How to Choose and Install a Programmable Wall Switch Timer

I have a porch light controlled by a wall switch in my entryway. Rather than having to manually turn this light on at night and off in the morning (or worse, forgetting and wasting energy having it on all day), I wanted to install a timer where the existing light switch was to automatically do it for me.

Now, there are several different types of programmable timers.  Some are mechanical.  Some are digital.  Some require only two wires, while some require more.  Some require a battery; others don’t.  I’ll walk you through all of these options so you get the right one.  Before you buy the timer, you will need to do a little investigation to determine which type of wiring you have, which will determine what type of timer you can use.

Note, if you are not comfortable using a voltmeter to measure the voltage of household wiring, then you should probably leave this project to a professional electrician.

Is the existing switch a three-way switch?

The first thing to determine is whether the existing switch that you want to replace is a three-way switch or not. A three-way switch is when two switches control the same light. This is often the case in a long hallway or staircase, where you can control the hallway light from either end.

The options I discuss in this article only cover the case where one switch controls the light, or a “single pole” switch. Three-way switch wiring is more complicated and will require a timer that is specifically for three-way switches. Luckily, most things that you would want to put a timer on, like a porch light, only have one switch controlling them. But, double check to be sure, and note which type you have so you buy the right kind of timer.

Do you have a neutral wire in the switch box?

This is actually the trickiest part of the project, but doing this before you go out and buy a timer can save you the hassle of going back and returning it. Before buying anything, you need to find out if your switch box has the neutral wire available. New homes are required to have a neutral wire, but if your home is old, it might not have it.

To find out, first shut off power to the switch you’re working on by turning off the respective switch on your circuit breaker. Some experimentation might be necessary to find the right circuit breaker switch controls the light. Turn on the light and go through your switches to find the one that controls that light.

Next, unscrew the cosmetic wall plate and put it aside. Once the switch box is exposed, unscrew the switch and pull it out slightly so that you can see the wires that are available inside the box.

You then need to figure out how many different types of wires are available inside that box. The answer will be at least two, since the switch needs a wire coming from power and a wire going to the light in order to work. One of these wires is power (“hot”), and the other goes to the light, or the “load”, as it is called.

The neutral wire is usually white. Note that neutral is different than ground.  The ground wire is often bare copper or sometimes green.

The summary of the four possible types of wires you might have are as follows:

  • AC power or “hot” wire: goes to the existing switch, sometimes red, blue, or black, often bundled together with other wires of the same type, sometimes comes from a cable or conduit with Neutral and Ground wires in it.
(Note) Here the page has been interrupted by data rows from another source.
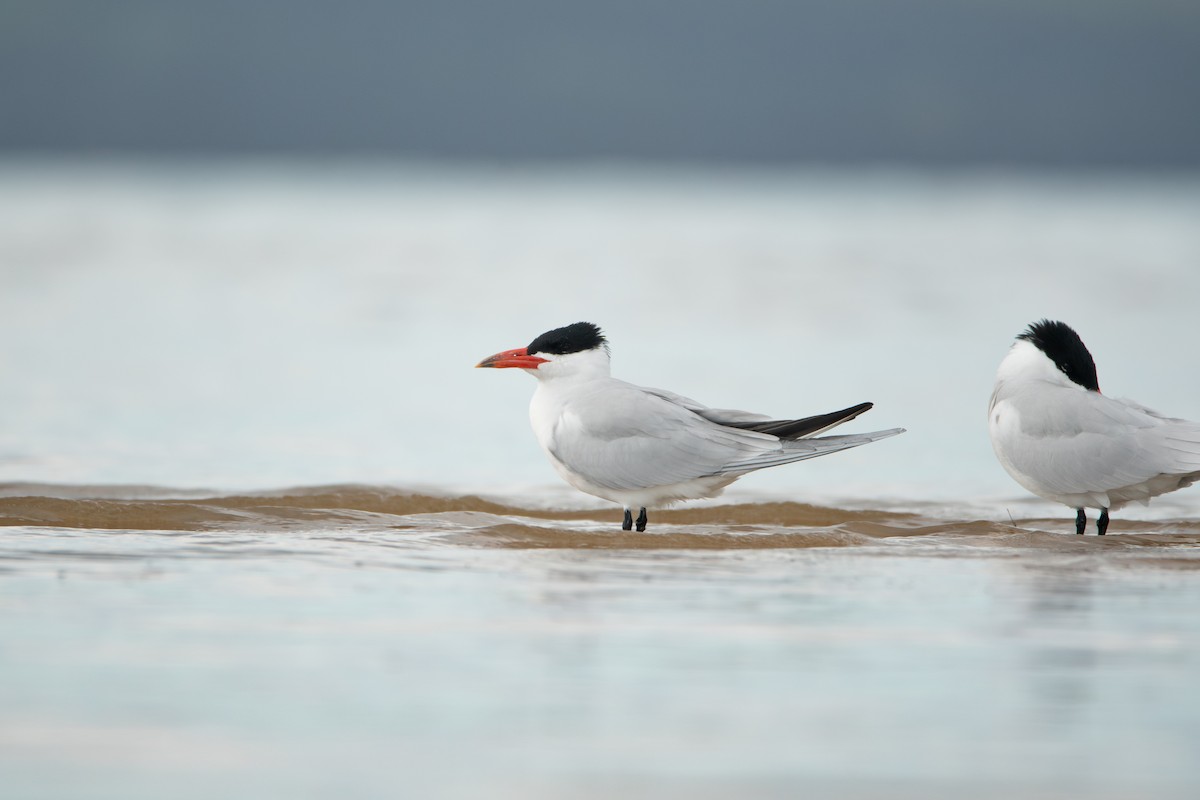 Raubseeschwalbe - ML645433659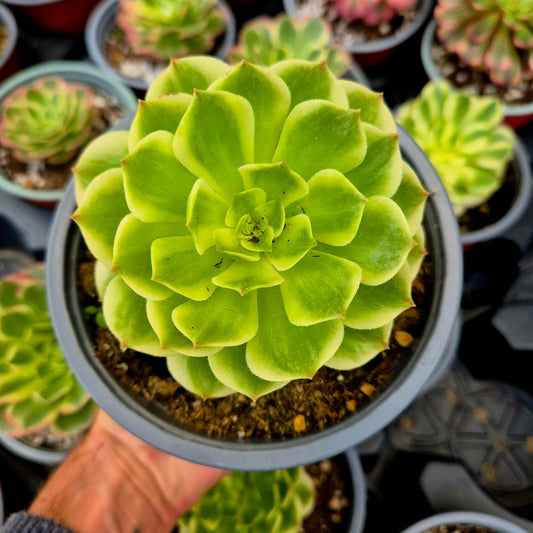 Aeonium "White Qingcheng" variegato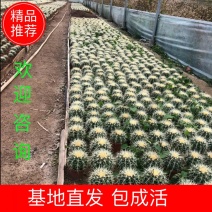 金虎特价18元两盆包邮，基地直发包成活，支持一件代发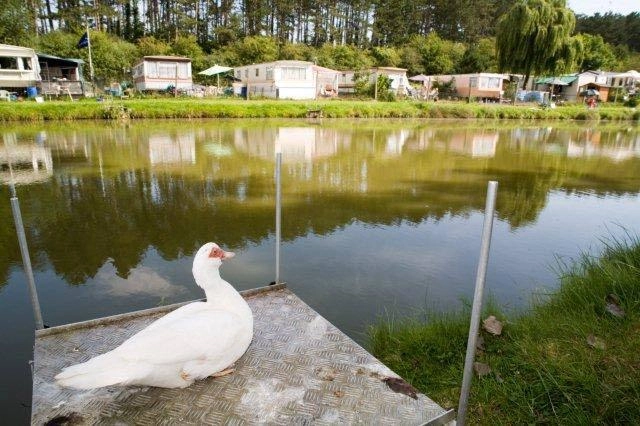 zobacz camping - zdjęcie 10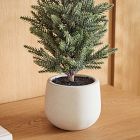 Faux Glittered Pine Tree w/ Ceramic Planter
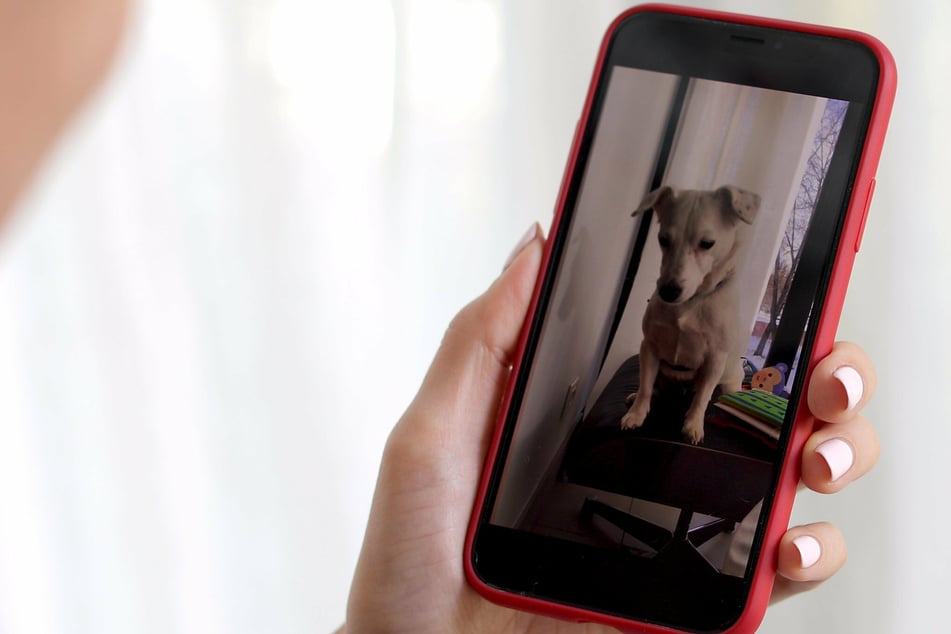 DogPhone lets pooches actually video call their owners (stock image).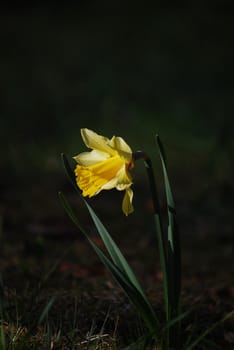 picture of a single narcissus in meadow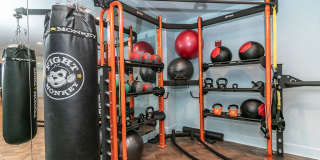 Berkeley Park Gallery 42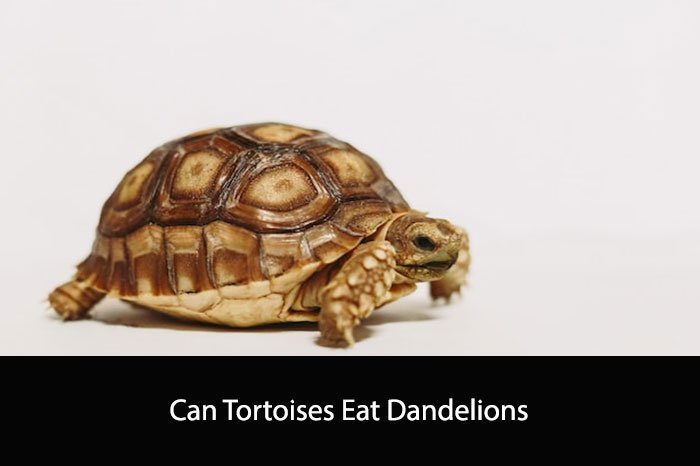 Can Tortoises Eat Dandelions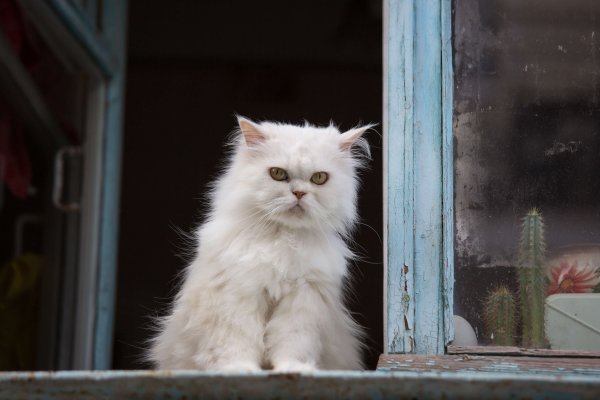 Persian Cats and Excessive Shedding: Solutions and Tips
If you measure the voltage using a volt meter (after carfully turning the power back on at the switchbox), you will find about 115V AC.
  • Power to the light bulb or “load”: goes from the other pole of the existing switch to your light, sometimes black also, usually a single wire not tied to any other wires. If you measure the voltage using a volt meter, you will find 115V AC when the switch is on, and 0V when the switch is off.
  • Neutral: usually white, often tied to other white wires, sometimes comes from a cable containing AC and Ground.
  • Ground: usually bare copper or green, often tied to other wires of the same type, sometimes comes from a cable containing AC and Neutral.
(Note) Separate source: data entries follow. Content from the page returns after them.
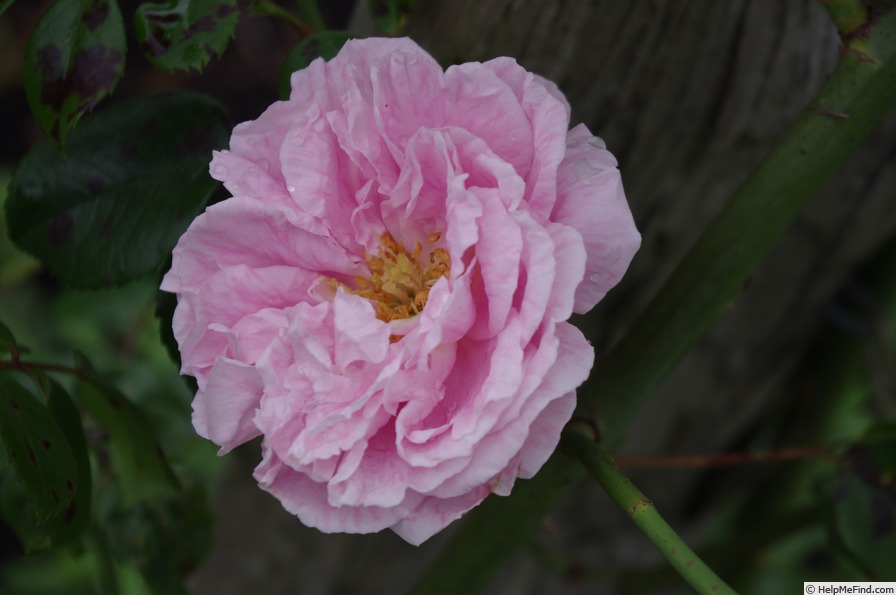 'Alida Lovett' rose photo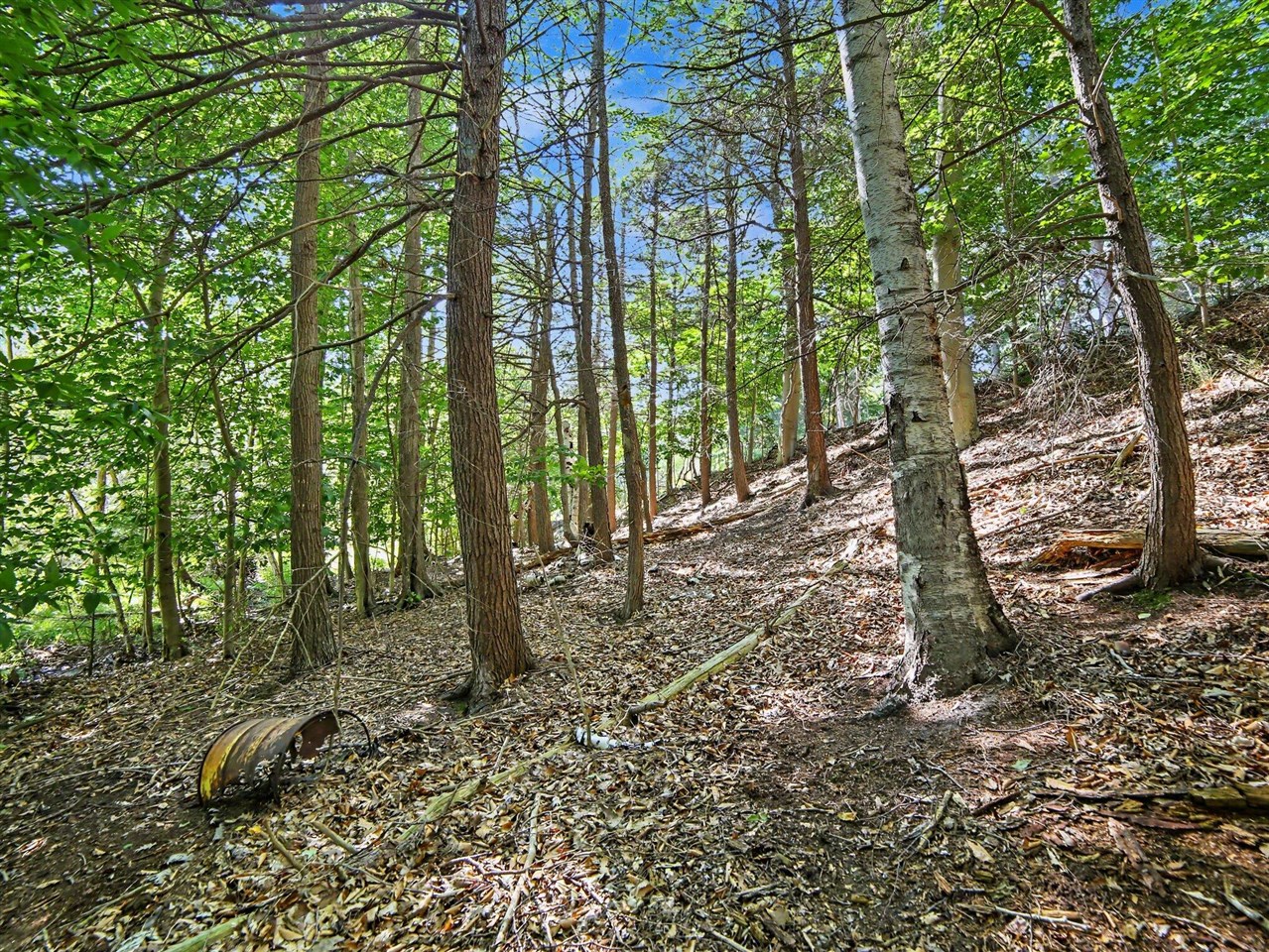 main property photo 14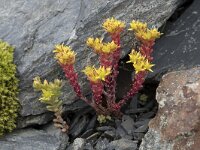 Sedum annuum 4, Eenjarig vetkruid, Saxifraga-Willem van Kruijsbergen
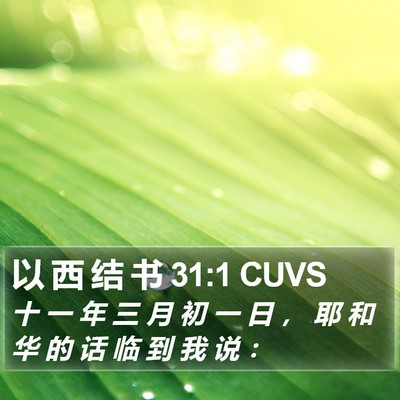 以 西 结 书 31:1 CUVS Bible Verse Image
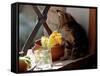 A Kitten Watching Through a Window, August 1997-null-Framed Stretched Canvas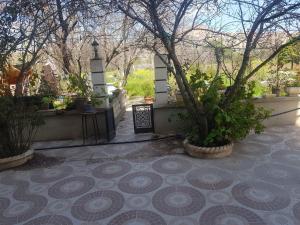 eine Terrasse mit Bäumen und Pflanzen auf dem Boden in der Unterkunft Cirta duplexe in Constantine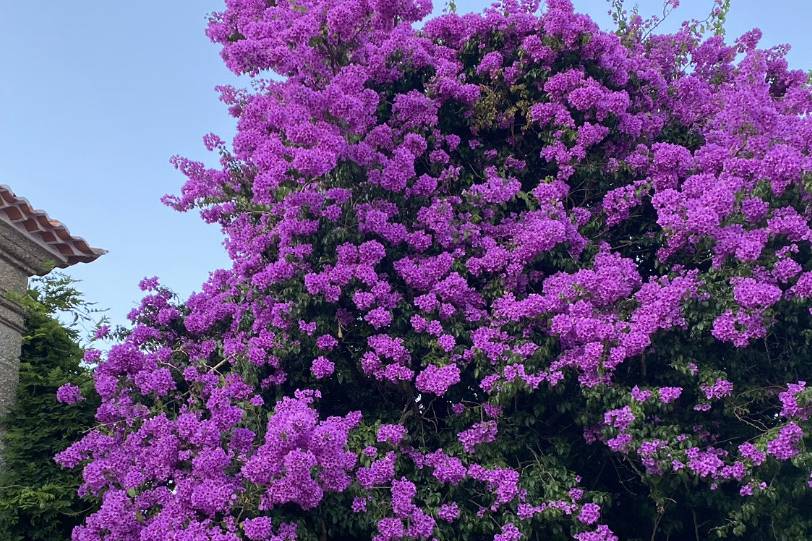 Jardins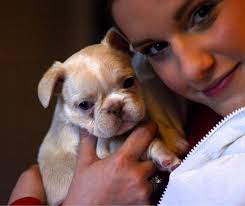 Beverly Brainard Madison (@bevmadison) • Instagram photos and videos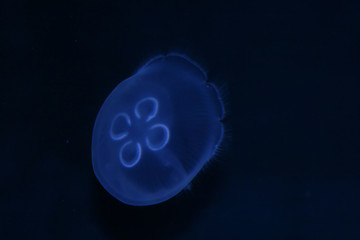 electric jellyfish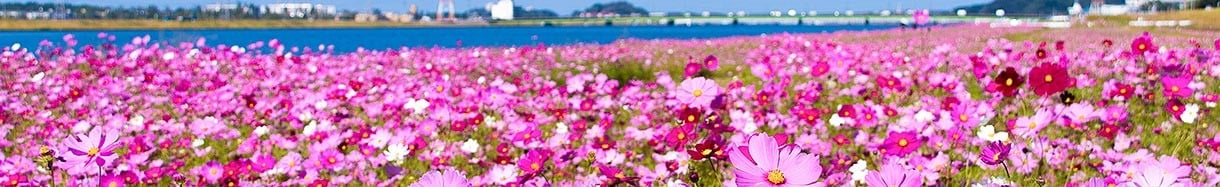 水巻町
So, the question is, does your switch box only have two types of wires (“hot” and “load”), or does it have a neutral wire as well?
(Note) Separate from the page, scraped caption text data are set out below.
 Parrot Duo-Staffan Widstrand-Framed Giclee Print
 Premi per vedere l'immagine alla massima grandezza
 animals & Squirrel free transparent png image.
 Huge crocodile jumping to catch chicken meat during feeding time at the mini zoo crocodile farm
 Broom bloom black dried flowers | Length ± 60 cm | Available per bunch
When I opened my switch box, the wires looked like a plate of spaghetti. To make matters worse, many of the wires were covered in white paint so they all looked white. But, after some careful observation and some volt meter measurements, I was able to ascertain that I had all four wires. That was good, because I had already purchased a timer that required four wires!

This was my "plate of spaghetti" that was in my switch box. After careful investigation, I was able to figure out what each of the wires was for.
This was my “plate of spaghetti” that was in my switch box. After careful investigation, I was able to figure out what each of the wires was for.

Don’t chance it like I did! Look at your wiring BEFORE you buy your timer! The packaging or description should say what wires it requires. In my case, the product packaging said “Neutral Wire needed for installation”.  Also, if the timer is not battery-powered, it will need the neutral wire. If it is battery powered, it won’t.

Note that if your switch is a three-way switch, the switch box will have an extra wire in addition to the ones I’ve described above!

Types of timers

Okay, now that that painful step is out of the way, I can start talking about the pros and cons of the different types of timers.

Two-wire timers

Two-wire timers don’t use wall power to run. Many two-wire timers require a battery, so watch out for that!!! There is at least one that is purely mechanical and doesn’t require a battery (the Intermatic EJ351; note that the instructions for this say it only works with incandescent bulbs, not florescent). These are super simple to install: just remove the existing switch and connect the timer to the two wires that used to be connected to the switch.  Of course, you can use a two-wire timer even if you have four wires available.  If you are intimidated by electrical wiring, this is the way to go.

Three or Four-wire timers (neutral wire present)

Why, then would anyone go with a timer that requires a neutral wire? First, these tend to be less expensive, and they don’t require a battery that will need to be changed. The neutral wire allows them to run off of wall power. These types of timers tend to be simpler in construction and are less likely to fail than two-wire timers. If you have a neutral wire available, and you’re comfortable with household wiring, then these timers are preferable due to reliability and no need for battery.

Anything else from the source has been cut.